2021 Latest Caselaw 19943 Mad

Citation : 2021 Latest Caselaw 19943 Mad
Judgement Date : 29 September, 2021

Madras High Court
Kothari Industrial Corporation ... vs M/S.Southern Petrochemicals ... on 29 September, 2021
                                                                         OSA (CAD) No.83 of 2021



                                    IN THE HIGH COURT OF JUDICATURE AT MADRAS

                                                DATED:    29.09.2021

                                                     CORAM :

                                   THE HON'BLE MR.SANJIB BANERJEE, CHIEF JUSTICE
                                                          AND
                                     THE HON'BLE MR.JUSTICE P.D.AUDIKESAVALU


                                              OSA (CAD) No.83 of 2021

                     Kothari Industrial Corporation Limited,
                     rep. by its Chairman Pradip D.Kothari,
                     No.114, Nungambakkam High Road,
                     Kothari Building, 4th Floor,
                     Chennai – 600 034.                                ...   Appellant

                                                    Vs.
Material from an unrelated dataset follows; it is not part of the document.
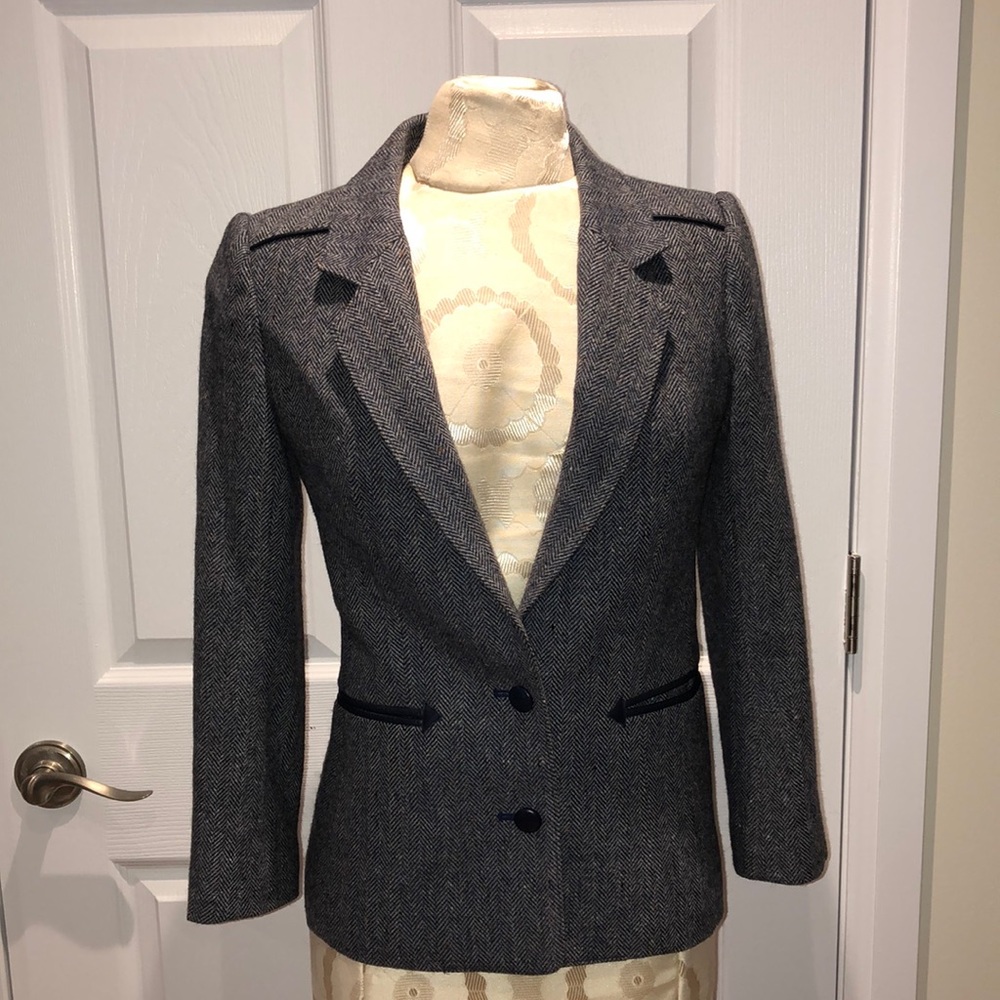 La Vie | EUC Vintage Grey Blazer with Faux Leather Accents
                     1.M/s.Southern Petrochemicals Industries
                           Corporation Limited,
                       rep. by its General Manager (Legal)
                       R.Venkata Krishnan,
                       No.88, Mount Road, Guindy,
                       Chennai – 600 032.

                     2.The Sole Arbitrator,
                       Justice F.M.Ibrahim Kalifulla,
                       Former Judge, Supreme Court of India,
                       No.141, Eldams Road, Flat No.4,
                       Ground Floor, Chennai – 600 018.                ...   Respondents

                         (Respondent No.2 deleted from the array
                          of parties as per this judgment)




                     ____________
                     Page 1 of 12


https://www.mhc.tn.gov.in/judis/
                                                                              OSA (CAD) No.83 of 2021



                     Prayer: Appeal filed under Section 13(1) of Commercial Courts Act,
                     2015 read with Order XXXVI Rule 1 of the Original Side Rules and
                     under Section 37(1)(c) of the Arbitration and Conciliation Act, 1996
                     against the order dated 23.02.2021 passed in O.P.No.361 of 2018.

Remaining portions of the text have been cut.